I'm right here.

The honest inscriptions. In no particular order.

nudawn:

so i just read a post cricket rebloged and the words “i’m lonely too” caught my eye.  there is something about the word “lonely” that creeps me out.  ive heard a few people say it, and it kind of disturbs me.

i assume that everyone is lonely.  its a given.  you can be all by yourself, or surrounded by people and feel lonely.  you can have no life, or an overly active social calendar and be painfully lonesome.

even though i shy away from showing my emotions to people (because showing your emotions is involuntary, not controlled, up for interpretation), i can and do articulate them verbally all the time (cause that way its somehow controlled, given context, justified or validated).
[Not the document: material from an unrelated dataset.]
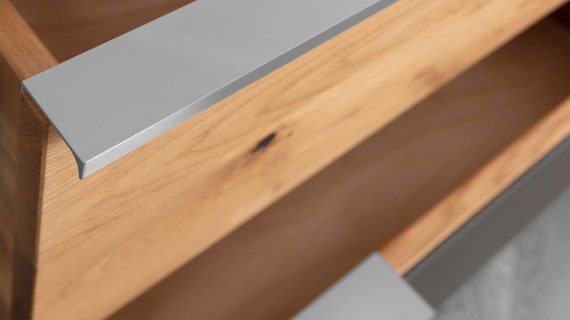 Miniaturka 4 - Elegancka szafka nocna z litego drewna Eleana 2L-RE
but fuck, the word lonely.  it just sound so… i dont know… pitiful.  it sounds like desperation.  being sad or in mourning is one thing, but verbalizing out loud to other people that you are “lonely” sounds like you’re wallowing in that sadness.  that you feel sorry for yourself.

its kind of how i feel about empathy and pity.  i’m ok with empathy, but i’d never want anyone to “pity” me.  its insulting.  arrogant even.  i feel like people that admit to being lonely are asking for pity.

im reading this and i realize i sound like an incredible asshole.  everyone is lonely at one time or another… i just dont like the word.  im not entirely sure why.